With the pictures omitted, output word for word the lines from the one containing "this 1180×630 image." through the end of the records.

» **DATA RECORDS**
═══

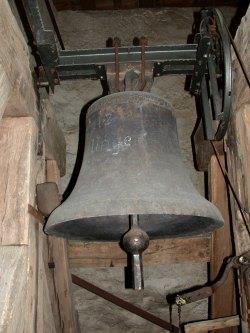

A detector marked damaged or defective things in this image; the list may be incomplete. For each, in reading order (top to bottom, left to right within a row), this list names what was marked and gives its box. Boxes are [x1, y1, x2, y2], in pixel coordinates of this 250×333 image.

rusty metal [46, 91, 224, 241]
rusty metal [71, 274, 179, 330]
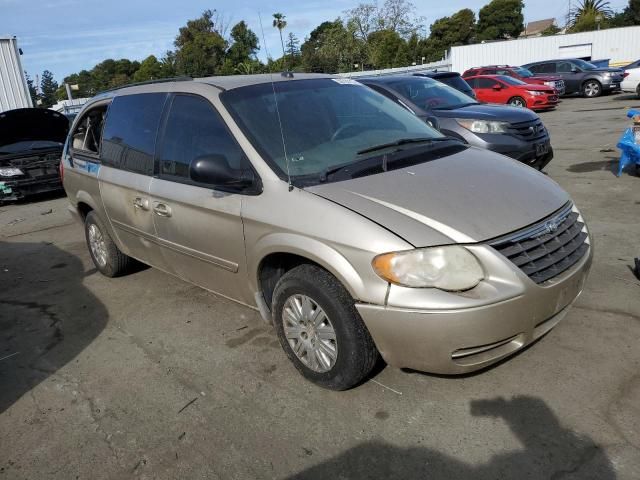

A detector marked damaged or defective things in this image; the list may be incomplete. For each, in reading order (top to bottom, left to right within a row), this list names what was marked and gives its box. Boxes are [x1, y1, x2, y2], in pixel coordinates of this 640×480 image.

cracked headlight [372, 246, 482, 290]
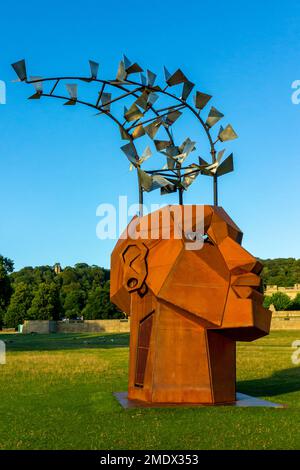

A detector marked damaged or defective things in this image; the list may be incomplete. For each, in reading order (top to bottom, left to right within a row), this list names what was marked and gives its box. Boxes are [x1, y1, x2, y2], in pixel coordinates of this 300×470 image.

rusted steel sculpture [110, 206, 272, 404]
rusty orange surface [110, 206, 272, 404]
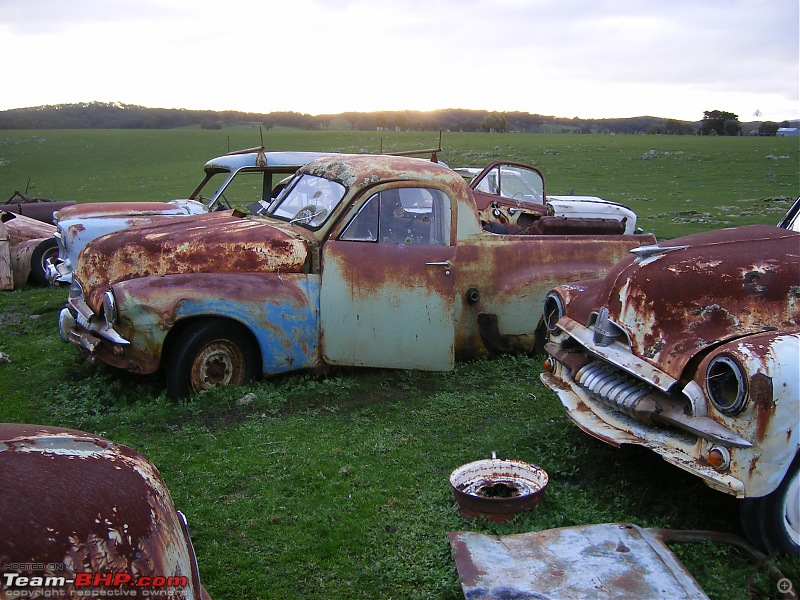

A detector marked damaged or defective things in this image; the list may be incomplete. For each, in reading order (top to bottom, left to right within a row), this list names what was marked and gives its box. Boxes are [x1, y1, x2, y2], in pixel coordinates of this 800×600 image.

rusty car body [0, 210, 59, 290]
rusty car [0, 210, 59, 290]
rusty car body [47, 147, 334, 284]
rusty car [47, 147, 334, 284]
rusted car hood [77, 211, 310, 310]
rusty pickup truck [57, 154, 656, 398]
rusty car [57, 154, 656, 398]
rusty car body [57, 154, 656, 398]
rusty pickup truck [540, 200, 796, 552]
rusty car [540, 207, 796, 552]
rusty car body [540, 214, 796, 552]
rusted car hood [564, 225, 796, 380]
rusted fender [0, 424, 206, 596]
rusty car body [0, 424, 209, 596]
rusty car [0, 424, 209, 596]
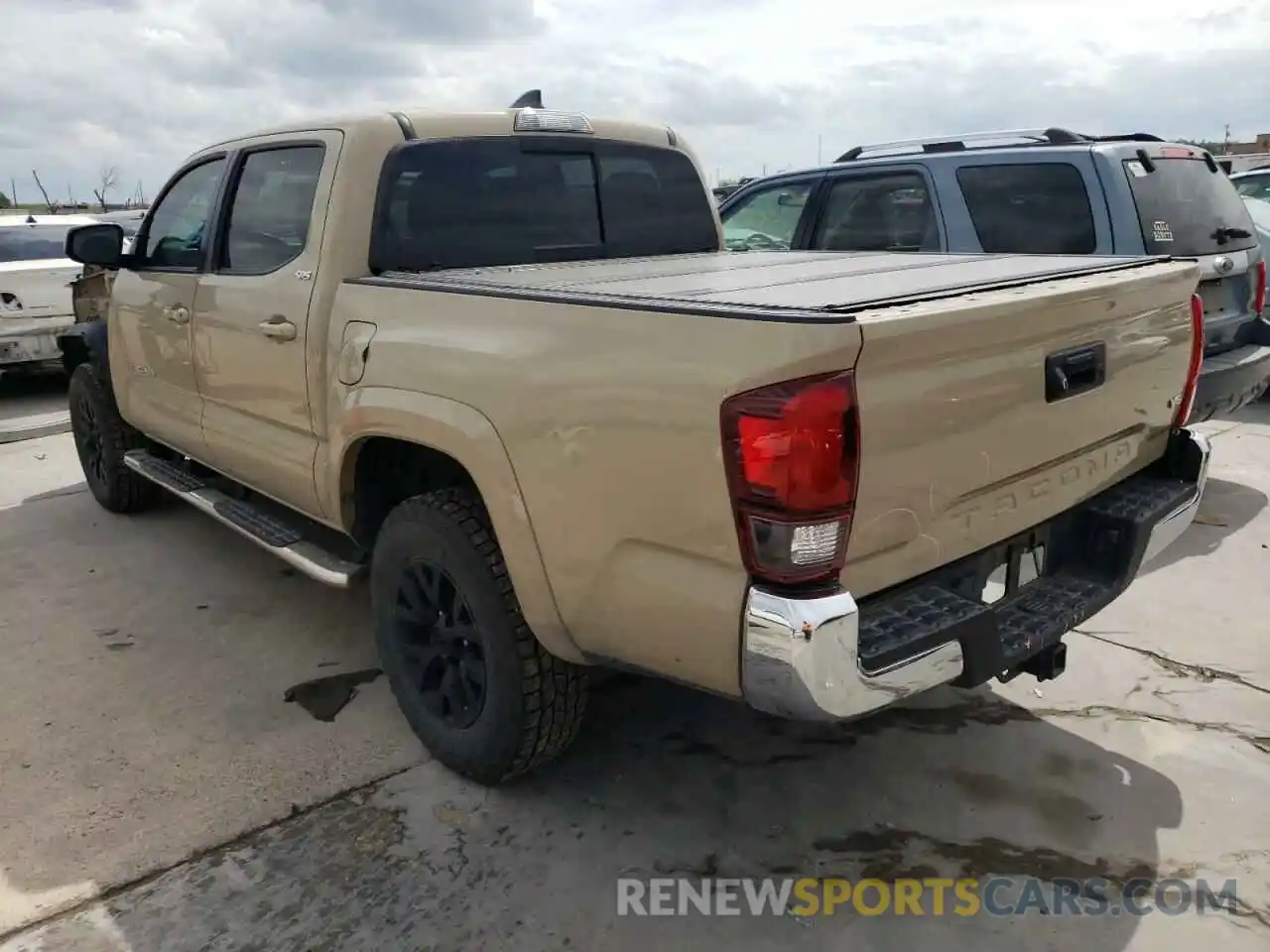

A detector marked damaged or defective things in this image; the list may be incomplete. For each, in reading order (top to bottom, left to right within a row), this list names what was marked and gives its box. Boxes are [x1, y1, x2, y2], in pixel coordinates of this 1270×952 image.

damaged white car [0, 215, 101, 373]
dent on tailgate [837, 259, 1204, 604]
cracked concrete [2, 404, 1270, 952]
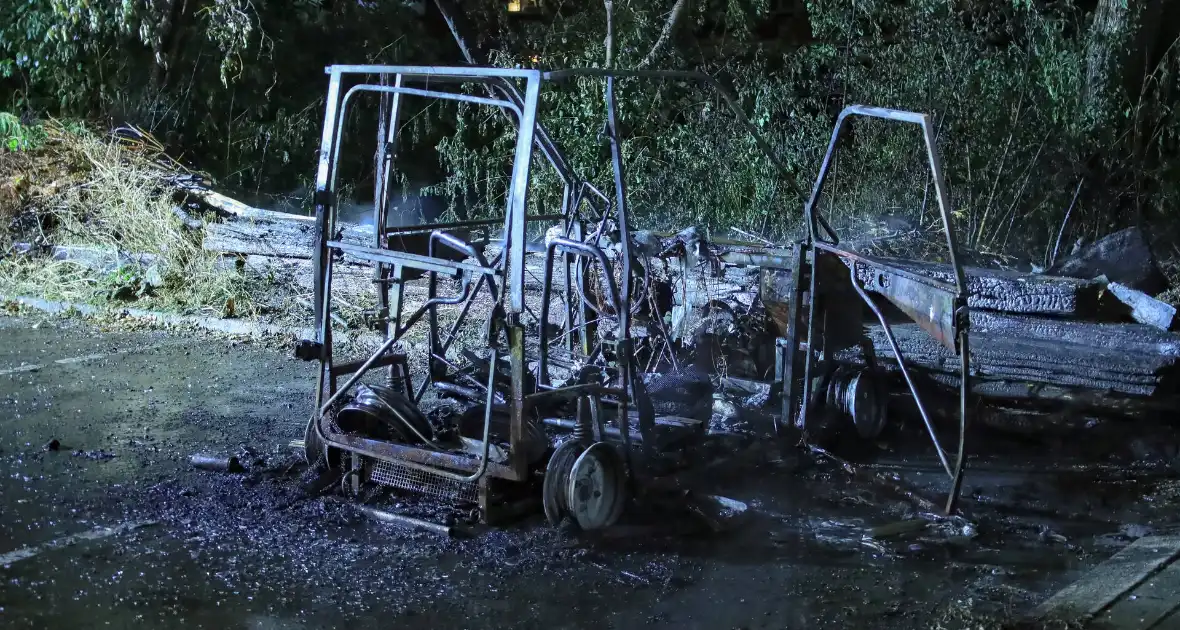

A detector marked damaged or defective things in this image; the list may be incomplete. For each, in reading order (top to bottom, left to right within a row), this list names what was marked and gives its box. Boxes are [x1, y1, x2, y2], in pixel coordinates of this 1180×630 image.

burnt flooring [0, 318, 1176, 628]
burned vehicle frame [298, 63, 980, 528]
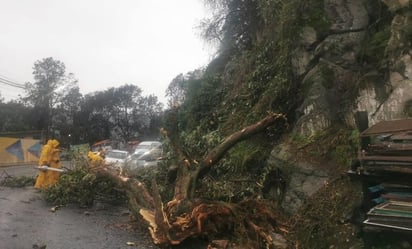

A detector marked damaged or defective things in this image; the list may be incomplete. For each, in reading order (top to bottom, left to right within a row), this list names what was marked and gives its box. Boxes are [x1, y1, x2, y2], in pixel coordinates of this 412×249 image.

rusty metal sheet [362, 119, 412, 136]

═══

» **EXERCISE OUTPUT**
A detector marked damaged or defective things in this image; the list may be incomplete. For each, in reading order (top to bottom, left to right within a row), this list names what was marked and gives its box. Boxes are [x1, y1, x2, y2], in pixel coordinates of this 1180×630 image.

burnt flooring [0, 318, 1176, 628]
burned vehicle frame [298, 63, 980, 528]

A detector marked damaged or defective things in this image; the list may be incomplete. For each, in reading order (top to bottom, left to right within a row), this list names what was marked and gives its box. Boxes are [x1, y1, x2, y2], in pixel coordinates of this 412×249 image.

rusty metal sheet [362, 119, 412, 136]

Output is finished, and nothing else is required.